**What the task asks:**
Write out the entries below exactly, from the first line to the one with "Load image into", both ends included.

Data records:
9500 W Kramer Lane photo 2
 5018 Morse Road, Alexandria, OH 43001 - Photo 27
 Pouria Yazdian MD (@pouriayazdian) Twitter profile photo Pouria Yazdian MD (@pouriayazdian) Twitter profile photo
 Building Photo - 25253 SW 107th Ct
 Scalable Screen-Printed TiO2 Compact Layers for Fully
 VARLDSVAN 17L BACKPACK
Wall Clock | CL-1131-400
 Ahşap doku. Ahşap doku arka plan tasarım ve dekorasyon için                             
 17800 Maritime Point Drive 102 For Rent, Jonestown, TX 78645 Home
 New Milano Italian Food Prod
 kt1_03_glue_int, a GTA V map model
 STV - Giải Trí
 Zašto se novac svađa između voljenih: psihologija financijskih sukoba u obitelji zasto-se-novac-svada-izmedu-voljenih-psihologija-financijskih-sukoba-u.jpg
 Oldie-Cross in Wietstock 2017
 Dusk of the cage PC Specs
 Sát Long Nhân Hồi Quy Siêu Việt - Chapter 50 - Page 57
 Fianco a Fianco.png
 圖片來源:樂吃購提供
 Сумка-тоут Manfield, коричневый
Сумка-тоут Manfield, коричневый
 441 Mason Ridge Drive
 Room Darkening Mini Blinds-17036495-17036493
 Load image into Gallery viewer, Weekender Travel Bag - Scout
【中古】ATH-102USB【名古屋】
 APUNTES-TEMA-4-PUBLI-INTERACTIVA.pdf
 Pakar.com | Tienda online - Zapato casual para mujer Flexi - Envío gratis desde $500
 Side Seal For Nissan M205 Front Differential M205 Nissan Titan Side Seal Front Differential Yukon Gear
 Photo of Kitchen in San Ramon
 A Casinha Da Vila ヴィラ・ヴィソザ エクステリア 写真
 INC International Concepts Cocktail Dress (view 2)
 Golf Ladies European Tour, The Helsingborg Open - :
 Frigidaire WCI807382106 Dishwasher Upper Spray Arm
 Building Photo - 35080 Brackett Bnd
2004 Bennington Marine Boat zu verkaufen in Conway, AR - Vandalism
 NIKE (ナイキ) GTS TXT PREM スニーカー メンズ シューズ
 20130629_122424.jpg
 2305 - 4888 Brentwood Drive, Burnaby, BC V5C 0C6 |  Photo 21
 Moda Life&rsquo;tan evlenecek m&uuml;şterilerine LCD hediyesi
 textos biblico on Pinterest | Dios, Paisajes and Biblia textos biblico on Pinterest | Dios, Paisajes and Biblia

**Answer box:**
9500 W Kramer Lane photo 2
 5018 Morse Road, Alexandria, OH 43001 - Photo 27
 Pouria Yazdian MD (@pouriayazdian) Twitter profile photo Pouria Yazdian MD (@pouriayazdian) Twitter profile photo
 Building Photo - 25253 SW 107th Ct
 Scalable Screen-Printed TiO2 Compact Layers for Fully
 VARLDSVAN 17L BACKPACK
Wall Clock | CL-1131-400
 Ahşap doku. Ahşap doku arka plan tasarım ve dekorasyon için                             
 17800 Maritime Point Drive 102 For Rent, Jonestown, TX 78645 Home
 New Milano Italian Food Prod
 kt1_03_glue_int, a GTA V map model
 STV - Giải Trí
 Zašto se novac svađa između voljenih: psihologija financijskih sukoba u obitelji zasto-se-novac-svada-izmedu-voljenih-psihologija-financijskih-sukoba-u.jpg
 Oldie-Cross in Wietstock 2017
 Dusk of the cage PC Specs
 Sát Long Nhân Hồi Quy Siêu Việt - Chapter 50 - Page 57
 Fianco a Fianco.png
 圖片來源:樂吃購提供
 Сумка-тоут Manfield, коричневый
Сумка-тоут Manfield, коричневый
 441 Mason Ridge Drive
 Room Darkening Mini Blinds-17036495-17036493
 Load image into Gallery viewer, Weekender Travel Bag - Scout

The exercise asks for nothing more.